Gregory spoke to her own experience growing up in the context of an African-American neighborhood in Toledo and forming cross-cultural, multi-ethnic relationships when at college.

“I didn’t necessarily have to change who I was,” Gregory said when speaking of her experience attending predominantly white church services and their differences from her more familiar Pentecostal background. “But I did have to ask myself a question — do you want to retain your culture and the way you express yourself so much that people miss the message of the Gospel? Which is more important to you?”


After this introduction to the conference, various workshops on a wide range of topics on ethnic diversity and culture were available. The workshop “Black Lives Matter vs. All Lives Matter,” led by Biola assistant sociology professor Dr. Deshonna Collier and senior sociology major Asnat Ghebremedhin, looked at the events of last semester involving racial tension and the importance of having that conversation at Christian colleges.

Collier discussed the events that affected the nation in 2014, involving Tamir Rice, Michael Brown and Eric Garner. Taking the time to talk about three men misses hundreds of other people of color who were also killed in interactions with law enforcement, Collier said. Focusing on three black men gives a gendered nuance suggesting these things do not also happen to black women or other people of color.

Ghebremedhin also spoke to the necessity of response in such situations. Silence itself is sometimes a compliance, an allowance for people to keep hurting, Ghebremedhin said.

The workshop also answered questions from several students regarding how to respond from a white perspective and how to start racial and social activism at a predominantly white institution as well as the importance of accountability and community in law enforcement.

Friday’s sessions closed with a worship mosaic and session with keynote speaker Efrem Smith, president and CEO of World Impact, as well as a poetry lounge featuring five different artists who blended faith, emotion and personal experiences into poetry.

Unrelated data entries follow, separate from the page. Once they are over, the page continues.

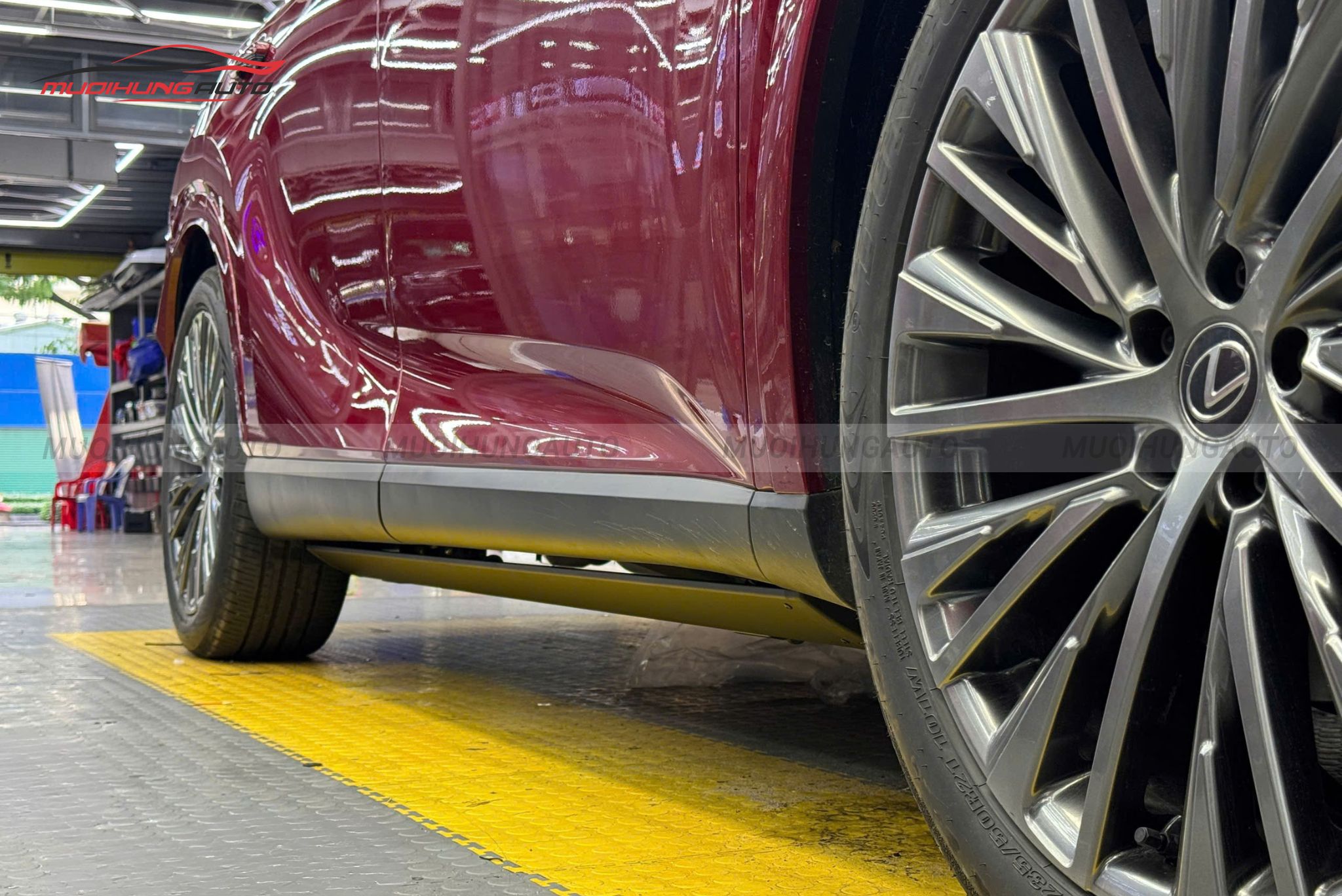 Bậc bước điện cho Lexus RX350 2025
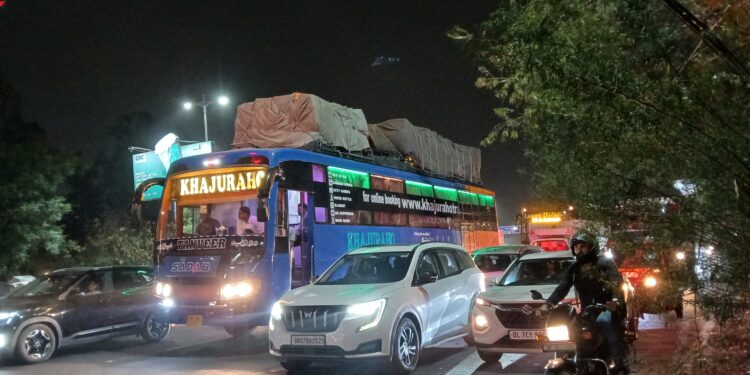 GST-Evading Goods Allegedly Transported on Rooftops of Sleeper Buses from Delhi to Uttar Pradesh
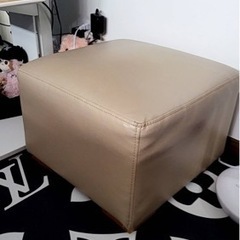 値下げ！椅子　レザー調　クリーム色　オットマン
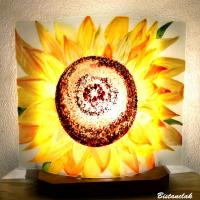 Lampe décorative a poser motif fleur de tournesol venue en ligne sur notre site, fabrication artisaanle française par Bistanclak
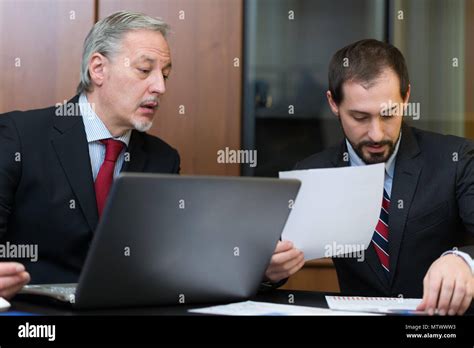 Business People at Work 的图像结果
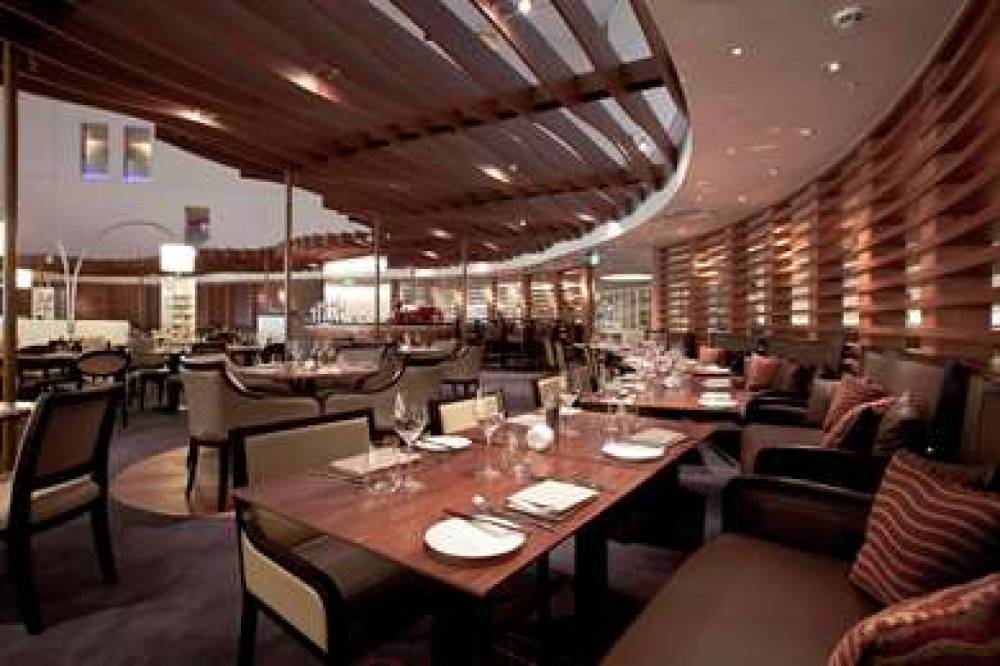 HILTON LONDON HEATHROW AIRPORT TERM 10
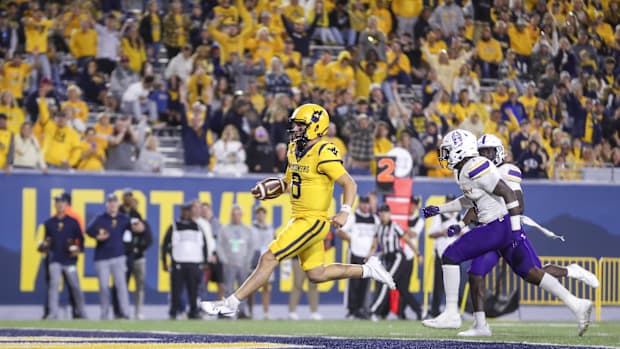 West Virginia Mountaineers quarterback Nicco Marchiol (8) runs the ball for a touchdown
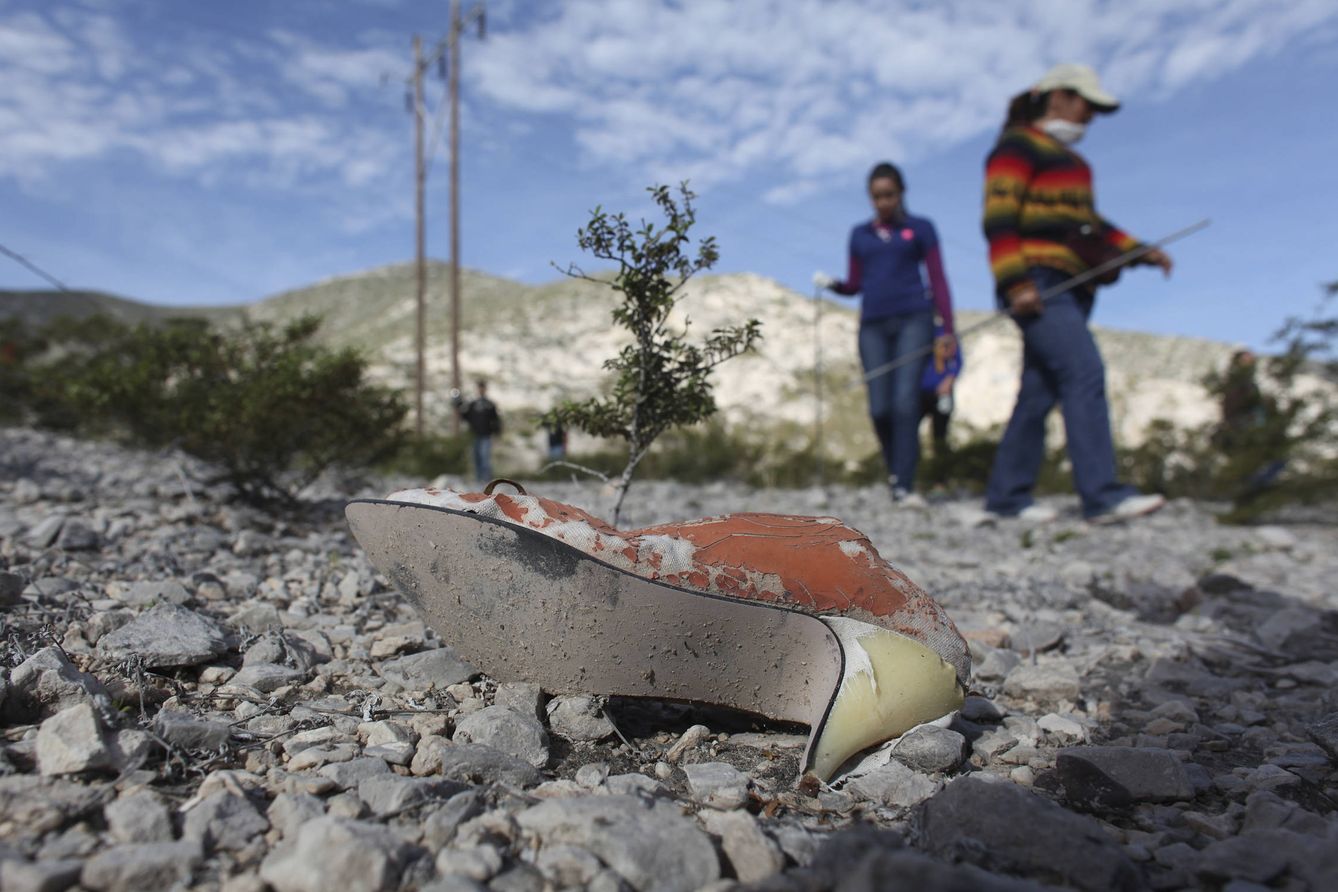 Mujeres durante una búsqueda de personas desaparecidas en una zona cercana a La Unión, en el estado de Coahuila (Reuters).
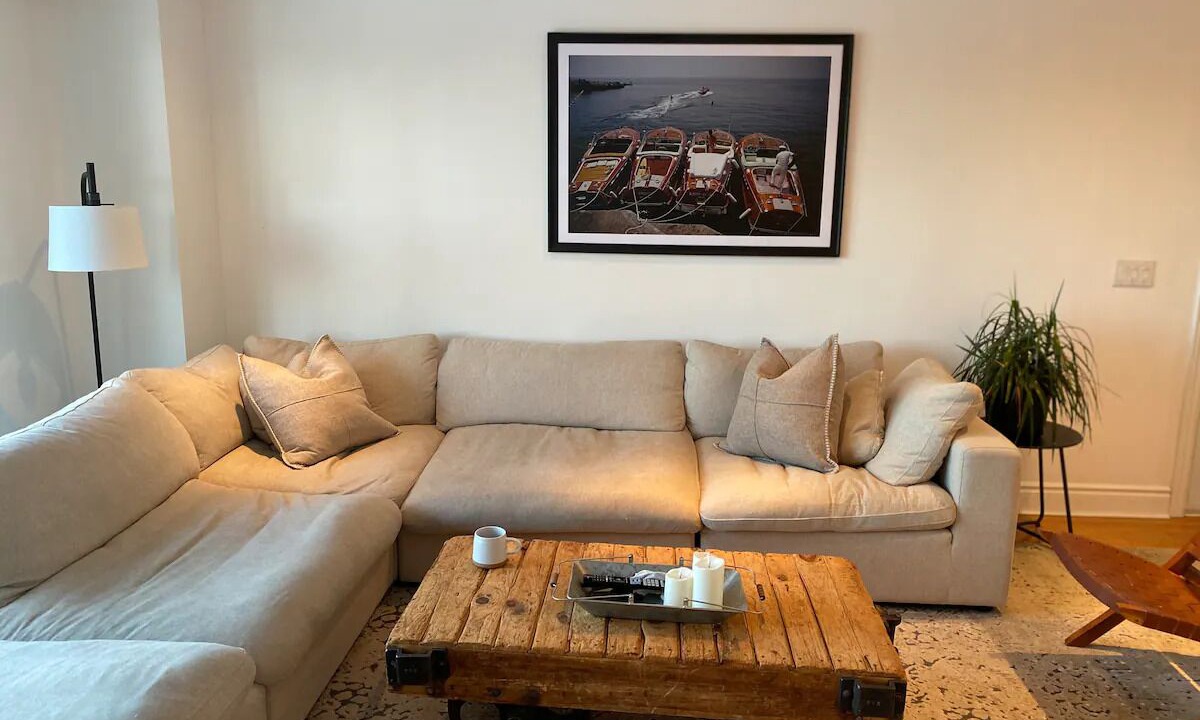 Photo of Livingroom in Frontenac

One artist, Faahz, had the crowd on their feet with his dance moves and beatboxing that integrated popular songs with a bass line.

Spray paint design made and on display for the conference.  |  Marika Adamopoulos/THE CHIMES


Saturday launched the second day of the conference. Biola alumna Erika Bertling discussed the importance of discovering cultural identity during her workshop, “Mixed, Hapa, Other: Biracial, Multiracial Identity Development.” Bertling explained how many students who come from diverse ethnic backgrounds find it difficult to identify with one particular culture, and explained that it is okay for individuals to embark on a personal journey and define the cultural identity God blessed them with.

“You must never apologize for what you say you are, for who you say you are,” Bertling said.

The closing session of the 2015 SCORR conference opened with worship led in both English and Spanish to emphasize the importance of diversity. Following worship, recording artist Michael Jacobs played a few of his songs as well as the Native American flute. Smith closed the conference with a session discussing how Galatians 2 and 3 are often taken out of context as a solution for racial dilemma.

“I don’t want you to carry on the misuse of this text,” Smith said.

He then explained how everyone receives the same anointing from Christ. Using the second chapter of Philippians, Smith spoke to how we need to die in our mind and heart in order to be reconcilers for Christ.

“We need to be connected to areas where we need to die,” Smith said.

Smith explained how the heart and mind lead us to make decisions that impact people we are in community with, especially those different from us, and closed with an emphasis on the importance of a death in Christ in order to be a reconciler.